Inside F#

Brian's thoughts on F# and .NET

An RSS Dashboard in F#, part four (speech agents)

Posted by Brian on February 9, 2010

Previous posts in this series:

Last time I covered exposing RSS feeds as IObservables, and we created the basic infrastructure for getting new information from the web published as an IObservable event stream.  Today we’ll switch gears entirely to cover the next technology piece of the app: synthesizing speech so that titles can be read allowed over the speakers.  We’ll encounter one important design consideration which is neatly handled using asynchronous agents.

Making your computer talk

One of the terrific things about .Net is that it seems like no matter what you want to do, there’s a library for that.  :)  When I was originally designing what I wanted my RSS Dashboard to do, I was apprehensive about the speech part, because I had no idea what it entailed.  I was thrilled and relieved to discover that I could simply add a reference to System.Speech, and then write just two lines of code:

let ss = new System.Speech.Synthesis.SpeechSynthesizer()
ss.Speak("Hello world!")

and get my machine to speak to me.  Hurray!

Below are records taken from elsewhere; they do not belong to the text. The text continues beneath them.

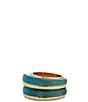 Gemma Layne Resin Double Dome Statement Ring - Image 2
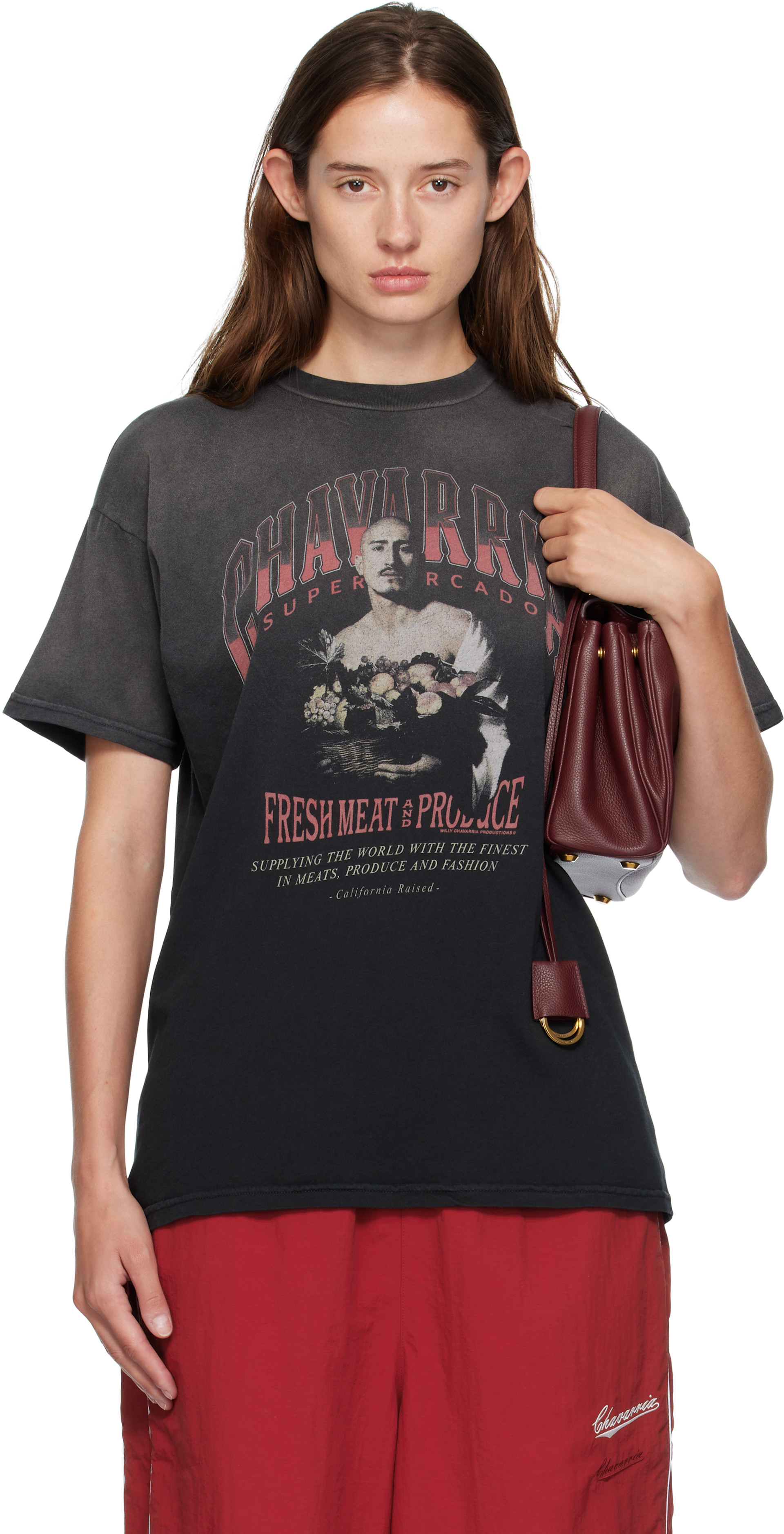 WILLY CHAVARRIA: ブラック San Chachi Produce Easy Tシャツ | SSENSE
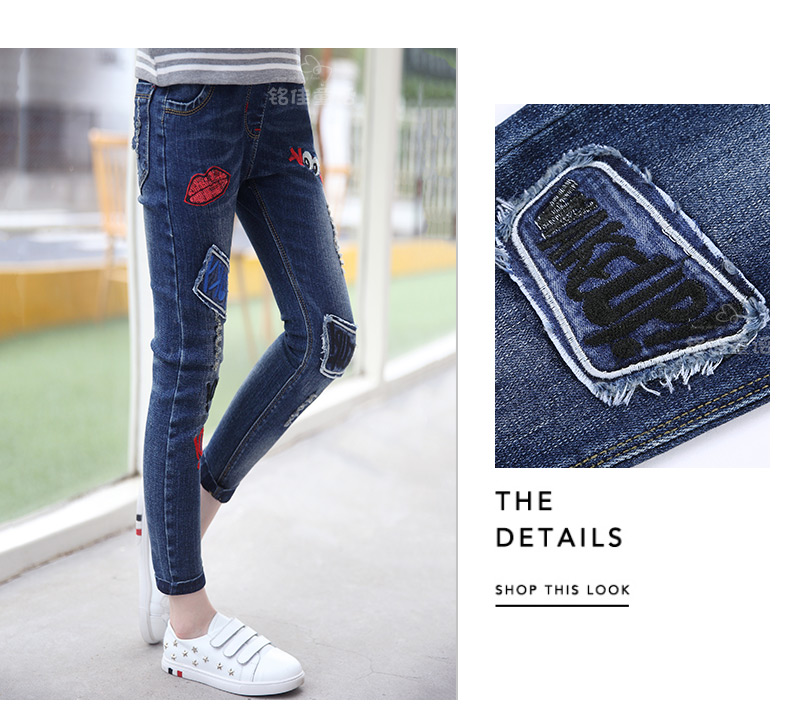 Pantalon fille 6355KZ237 en toile - Ref 2065201 Image 51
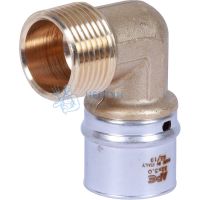 Угольник пресс 32x1" НР Stout SFP-0011-000132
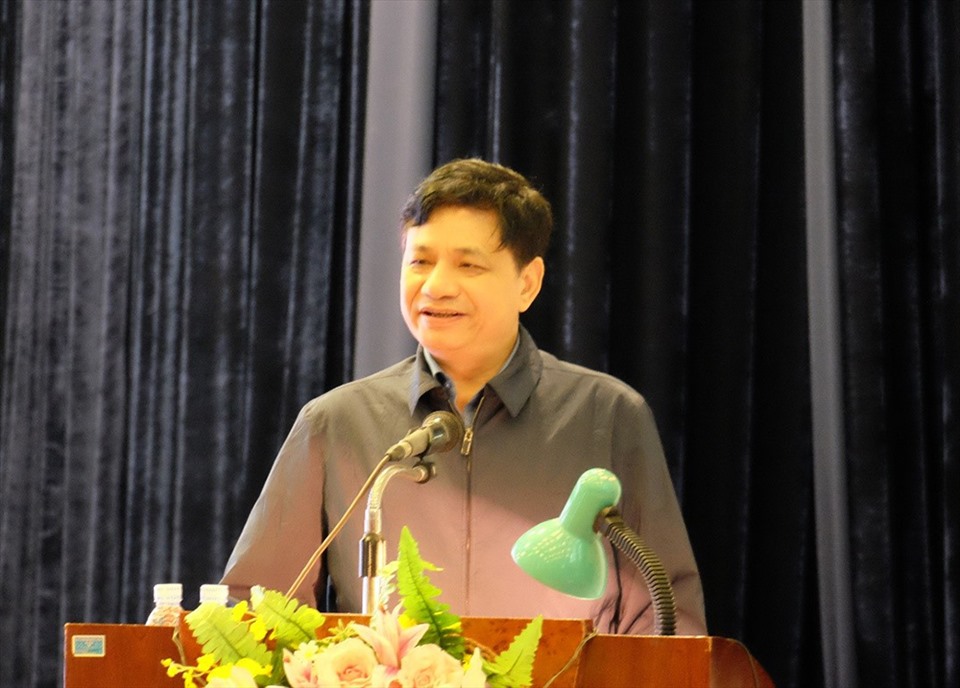 Thầy thuốc Nhân dân Lê Danh Tuyên - Viện trưởng Viện Dinh dưỡng Quốc gia (Bộ Y tế) phát biểu tại lễ tổng kết triển khai dự án Bữa ăn học đường tại Hà Nội mới đây. Ảnh: Anh Tuấn.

Of course, it’s not perfect; try things like

ss.Speak("How do I make a GUI in F# using WPF and XAML?")

and discover it sounds like “How do I make a gweh in eff number sign using WPF and ex-ay-em-el”.  So after experience listening to a bunch of question titles from StackOverflow, I authored a function to “wash” the text before I hand to the speech synthesizer.  For example

let SpeechWash (text:string) = 
    text.Replace("GUI", "gooey")
        .Replace("#", " sharp")
        .Replace("XAML", "zah-mull")

cleans up the previous sentence pretty nicely so that

ss.Speak("How do I make a GUI in F# using WPF and XAML?" |> SpeechWash)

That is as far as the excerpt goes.